Provided material:

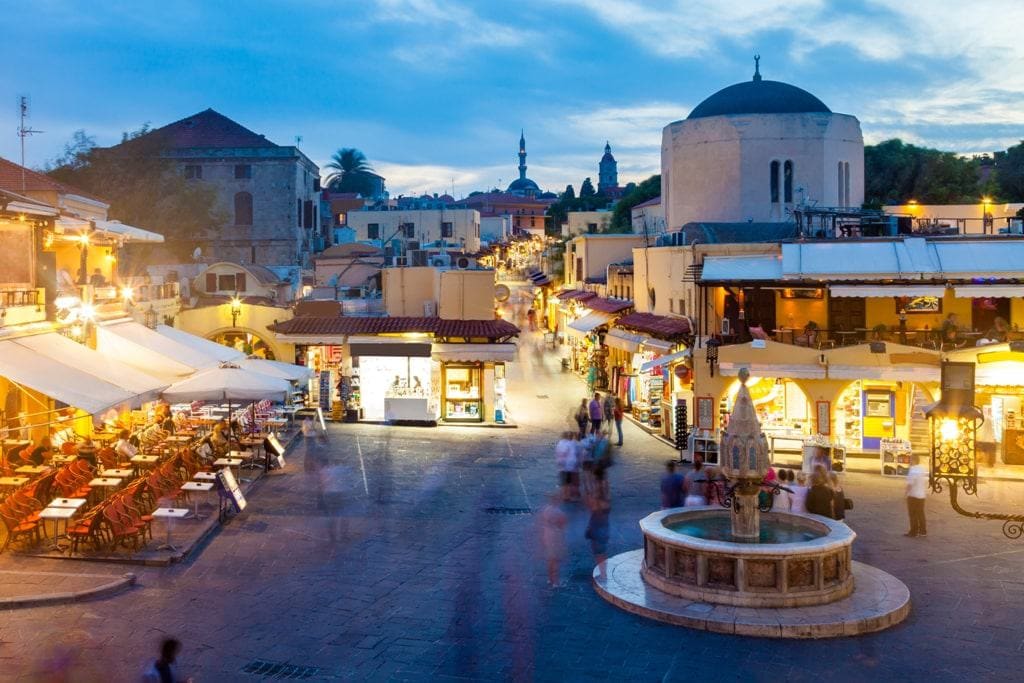  Kde se ubytovat na Rhodosu, Řecko - 2022 Průvodce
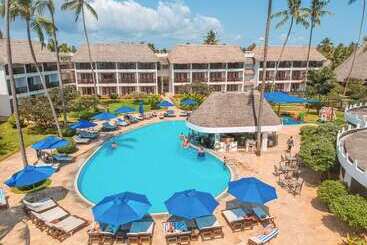 هتل Nungwi Beach Resort By Turaco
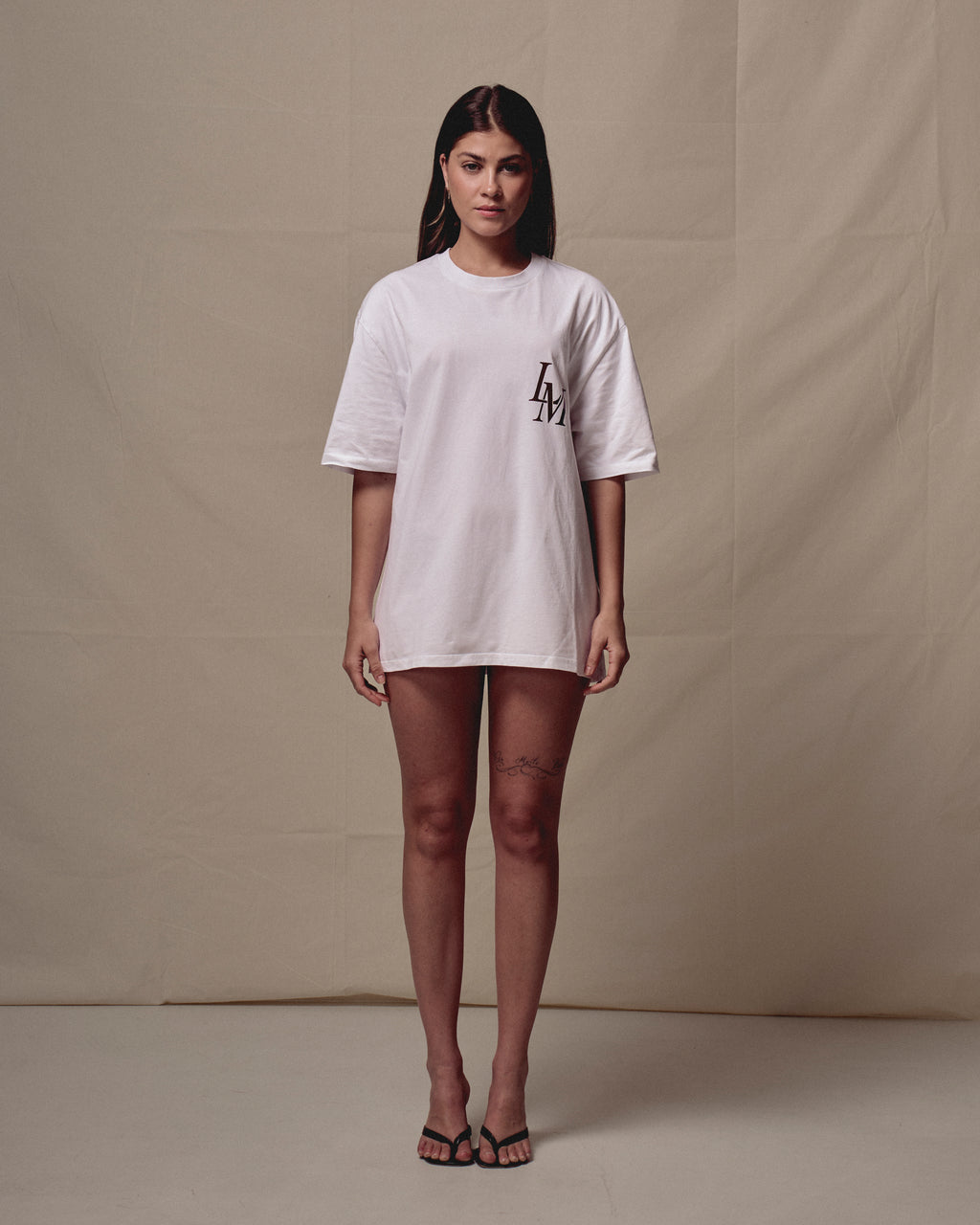 WHITE TEE "E SE IL VERO LUSSO FOSSE LA PACE"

Task details: Return the full set of lines above word for word and with no pictures.

Result of this exercise:
  Kde se ubytovat na Rhodosu, Řecko - 2022 Průvodce
 هتل Nungwi Beach Resort By Turaco
 WHITE TEE "E SE IL VERO LUSSO FOSSE LA PACE"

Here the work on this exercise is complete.